As we know, there were more than 100,000 and we should not try to talk down the seriousness of this situation.

I shall conclude by repeating the questions I asked the Secretary of State on 8 May. I am repeating them because I did not get an answer to them, and I would like to have an answer now. I asked whether the Electoral Commission warned the Secretary of State of concerns about the design of the ballot paper. When the ballot paper size became apparent, did he decide that all must appear on one page? At the end of the ballot design phase, was there any further testing? I then asked him to publish all relevant ministerial correspondence.

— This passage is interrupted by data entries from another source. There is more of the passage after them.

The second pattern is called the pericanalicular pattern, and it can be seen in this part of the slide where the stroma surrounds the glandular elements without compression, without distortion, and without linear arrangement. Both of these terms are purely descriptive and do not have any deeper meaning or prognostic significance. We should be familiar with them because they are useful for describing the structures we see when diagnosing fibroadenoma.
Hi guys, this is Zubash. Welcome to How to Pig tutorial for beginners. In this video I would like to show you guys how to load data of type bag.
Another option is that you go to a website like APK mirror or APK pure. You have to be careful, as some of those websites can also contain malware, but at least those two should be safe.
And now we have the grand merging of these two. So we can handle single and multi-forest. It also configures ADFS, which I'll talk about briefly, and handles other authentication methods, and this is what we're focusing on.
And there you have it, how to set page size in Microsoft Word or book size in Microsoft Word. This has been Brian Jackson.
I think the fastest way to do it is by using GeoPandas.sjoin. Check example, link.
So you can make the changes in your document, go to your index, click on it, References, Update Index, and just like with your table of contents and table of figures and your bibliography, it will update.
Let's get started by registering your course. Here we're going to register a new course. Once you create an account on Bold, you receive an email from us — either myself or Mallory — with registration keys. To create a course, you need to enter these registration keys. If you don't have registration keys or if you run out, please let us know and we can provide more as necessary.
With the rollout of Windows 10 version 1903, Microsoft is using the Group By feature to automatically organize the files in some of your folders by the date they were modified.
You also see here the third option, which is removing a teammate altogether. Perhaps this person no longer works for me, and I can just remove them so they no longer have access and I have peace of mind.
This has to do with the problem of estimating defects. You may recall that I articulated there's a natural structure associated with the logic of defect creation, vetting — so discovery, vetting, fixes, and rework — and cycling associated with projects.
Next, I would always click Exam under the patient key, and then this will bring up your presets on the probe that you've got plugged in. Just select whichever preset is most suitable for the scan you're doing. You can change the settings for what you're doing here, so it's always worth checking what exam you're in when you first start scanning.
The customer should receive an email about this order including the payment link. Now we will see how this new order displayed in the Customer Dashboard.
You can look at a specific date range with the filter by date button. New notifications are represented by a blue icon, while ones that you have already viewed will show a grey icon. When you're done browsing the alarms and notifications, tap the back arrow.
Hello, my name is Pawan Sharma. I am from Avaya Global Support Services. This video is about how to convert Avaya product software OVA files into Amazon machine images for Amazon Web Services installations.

It is important for all those questions to be answered and to be a matter of public record. Frankly, the Secretary of State’s contribution was underwhelming—much like his initial statement—and he seemed to be saying, “Not me, guv”, rather than anything else. It is not good enough. Thank goodness we now have a Scottish Executive who will treat this issue with the seriousness that it deserves, unlike the UK Government, who are running away from their responsibilities.

3.41 pm

Mr. Ian Davidson (Glasgow, South-West) (Lab/Co-op): Given that time is short, I shall make only a few points. First, I ask that the investigation examines the decision to have both ballots on the same day, not only in the context of possible erection irregularities —[ Laughter. ] I know what I meant. [Hon. Members: “Keep it up.”] I will endeavour to do so. That is a fair point —[ Interruption. ]

Madam Deputy Speaker: Order. I hope that the hon. Gentleman will now continue his brief remarks.

Mr. Davidson: The observation that I wanted to make was about the impact on local government. It was my experience that the local government campaigns were almost totally submerged in the discussion of the Scottish Parliament results. That is not good for local democracy at the local government level. I would be very interested in any evidence about the extent to which there were discrepancies in this election, as distinct from others, because my impression was that the tide flowed in the same direction in the Scottish Parliament elections and those for local authorities, irrespective of the merits of individual councillors, which is inappropriate and unwise.

I would also ask that as many as possible of the ballot papers be made available. The point that I made earlier about anoraks being able to see them is important. Much work could be done to establish correlations that will help us to avoid mistakes in the future. It should not be swept under the carpet.